このICの面白い特徴として、本来使用しているピンは左側の9ピンのみで、ほかのピンはすべて放熱に利用されているという事です。
ちなみに放熱ピンなのですが、GNDと書いてあるのでGNDと接続している人と、ループになるからと離している人がいました。金属ケースによる放熱や大型の放熱板を利用する場合は、長距離のGNDループとなるため離した方がいいと思いますが、小型の放熱板をICに乗せたり、はんだパターンや基板裏に銅板などをつける場合は正直どっちでもいいと思います。
部品選定
ICはいいとして、1μFのコンデンサは電源部に取り付けるコンデンサ(C6)は電解。あとの2つはフィルムコンデンサを利用しました。

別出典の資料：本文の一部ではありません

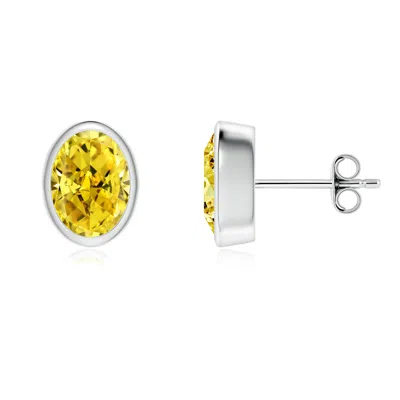 Angara Classic Oval Fancy Intense Yellow Diamond Solitaire Stud Earrings In Metallic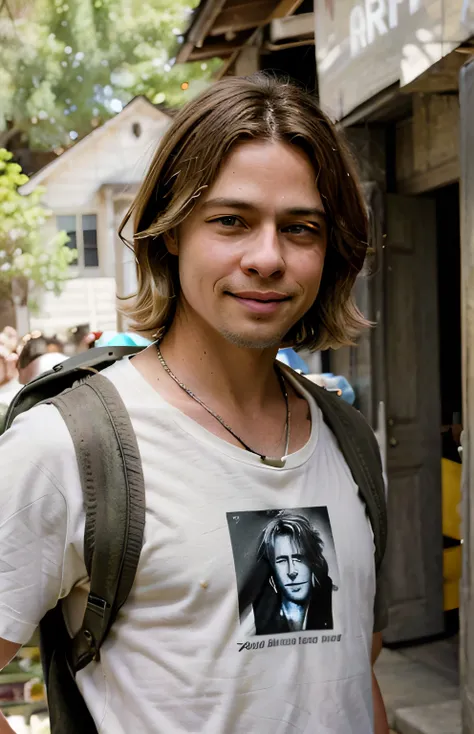 brad pitt, mature young man, short blonde hair, smiling, wearing tshirt, background: hiking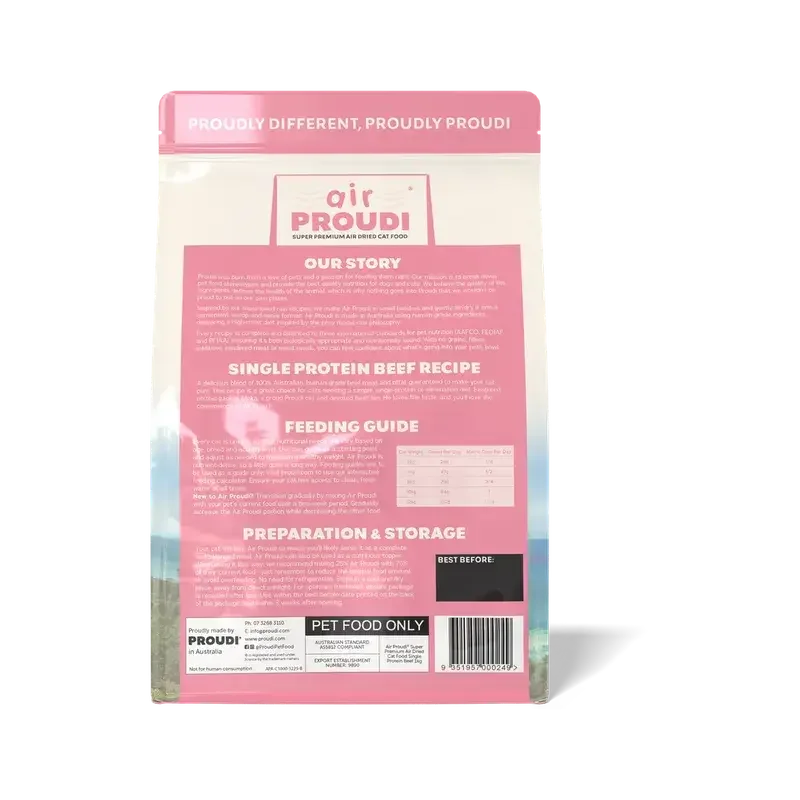 AirProudi Premium Cat Food Air-dried Beef 1kg packaging back showing ingredients and feeding guide.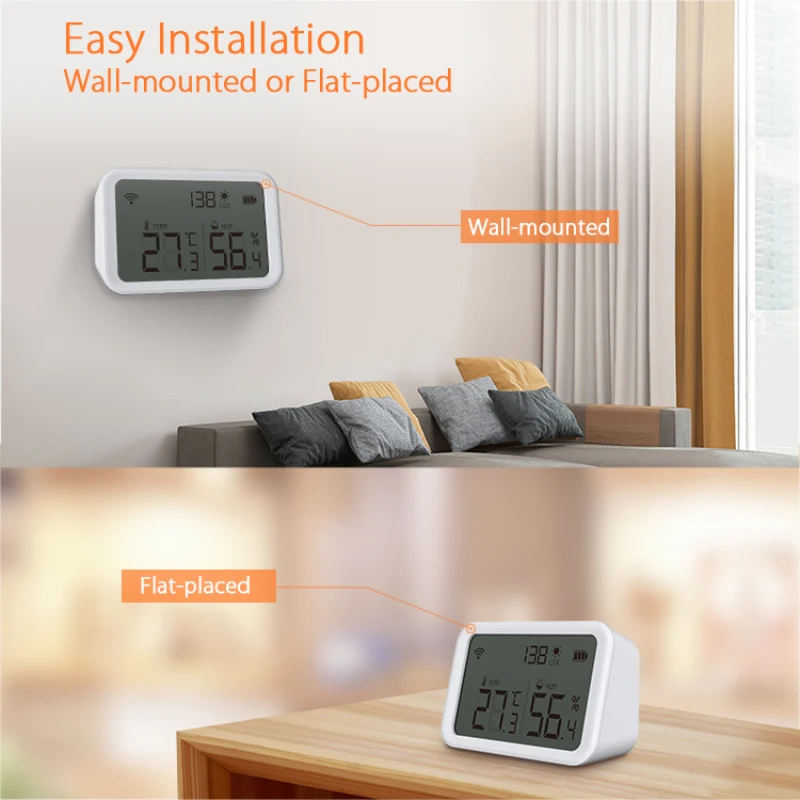 

NEO Tuya Smart Zigbee Temperature And Humidity Sensor Detect Luminous Intensity Home Automation Work With Alexa Google Home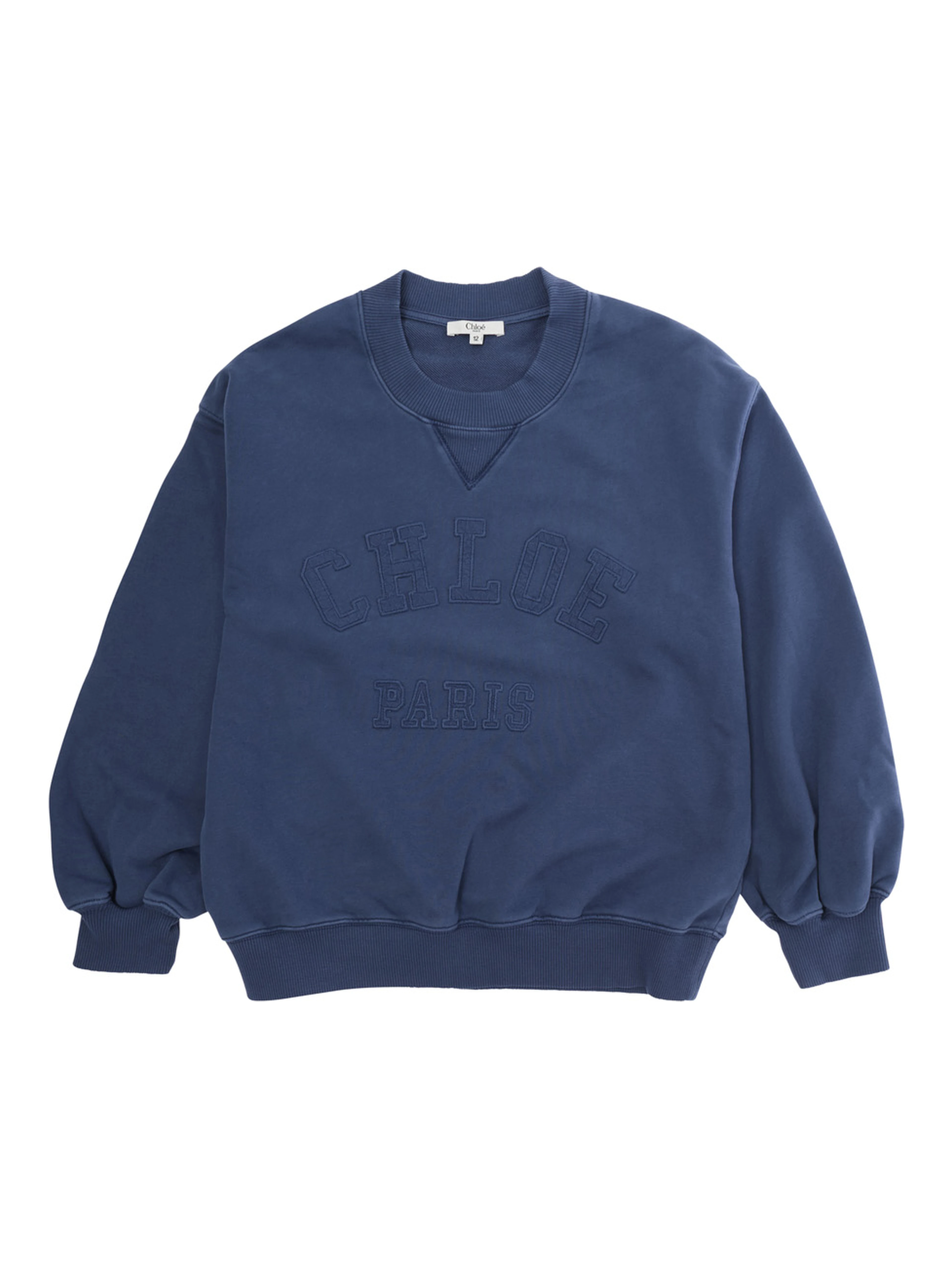 Blue Crewneck Sweatshirt with Logo Printed on the Front in Cotton for Girls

2.2μFのコンデンサは無極性コンデンサを使いましたが普通に有極性でいいです。
電解コンデンサである必要はあるみたいですが。
470μFのコンデンサは出力カップリングなのでそれなりの電解コンデンサが必要でしょう。
手に入る限り高音質型のものを使いましょう。
10kの抵抗が一本ありますが。
これは特に音質にかかわるものでも大電流が必要なものでもなく。適当に安いものやあまりものでいいと思います。(私は前回のヘッドフォンアンプに使った12kを使いました)
部品リスト
合計 | 1067 | |||||
部品 | 型番 | 購入店 | 単価 | 個数 | 税 | 計 |
片面ガラス・薄型ユニバーサル基板Cタイプ(72x48mm)めっき仕上げ(日本製) | P-04718 | 秋月電子 | 60 | 1 | 込 | 60 |
ステレオ、中出力、Class-AB オーディオ・アンプ | TPA1517NE(L) | マルツ | 372 | 1 | 抜 | 402 |
電解コンデンサー(オーディオ用標準品)25V 470μF | UKW1E471MPD | マルツ | 135 | 2 | 抜 | 291.6 |
積層メタライズムフィルムコンデンサー63V 1μF | PCMT36771105 | マルツ | 110 | 2 | 抜 | 238 |
電解コンデンサー 50V 1μF | KMG50VB1M | マルツ | 20 | 1 | 抜 | 21.6 |
両極性アルミ電解コンデンサー 50V 2.2μF | 50BP2R2 | マルツ | 41 | 1 | 抜 | 44 |
抵抗 1/4W 10kΩ | 任意 | 任意 | 任意 | 1 | - | 10 |
秋月の基板はこの前ヘッドフォンアンプを作った時に予備として買っていたもののあまりです。
部品一覧。
出来れば全部オーディオ用で。可能な限りいいやつを使いましょう。
今回はそこまで高級なものを選んでもあれなのでまぁそこそこのものに。
動作確認
ブレッドボードで動作確認。この時点でなかなか音がいいです。
基板設計
今回利用する基盤はこのサイズ。
20ピンICとコンデンサが6個程度で完成するので、コンデンサの耐圧や容量を吟味すればこれくらいの基板に十分収まります。
仮で部品を置いて設計。
今回、もともとオペアンプを前段に置こうとしていたのですが。カレントミラーが吹っ飛んだのでとりやめとしました。
というわけで最終的に完成した基盤がこれ。
縦置きでは窮屈だったのと、オペアンプを使わない回路に変更したのでこうなりました。
裏面。放熱ははんだを盛ってみましたがこれで一応死なない程度には放熱してるみたいですが、やっぱりヒートシンクを乗せた方がよいと思います。
完成
配線を取り付けて完成。
大きなスピーカーにつないで鳴らしている様子。
結構いい音でなります。
組み立て
この後作った電子ボリュームと合わせて完成させます。
電子ボリュームについて
次の記事で作成した電子ボリューム基板をこのアンプに組み込んで完成させたいと思います。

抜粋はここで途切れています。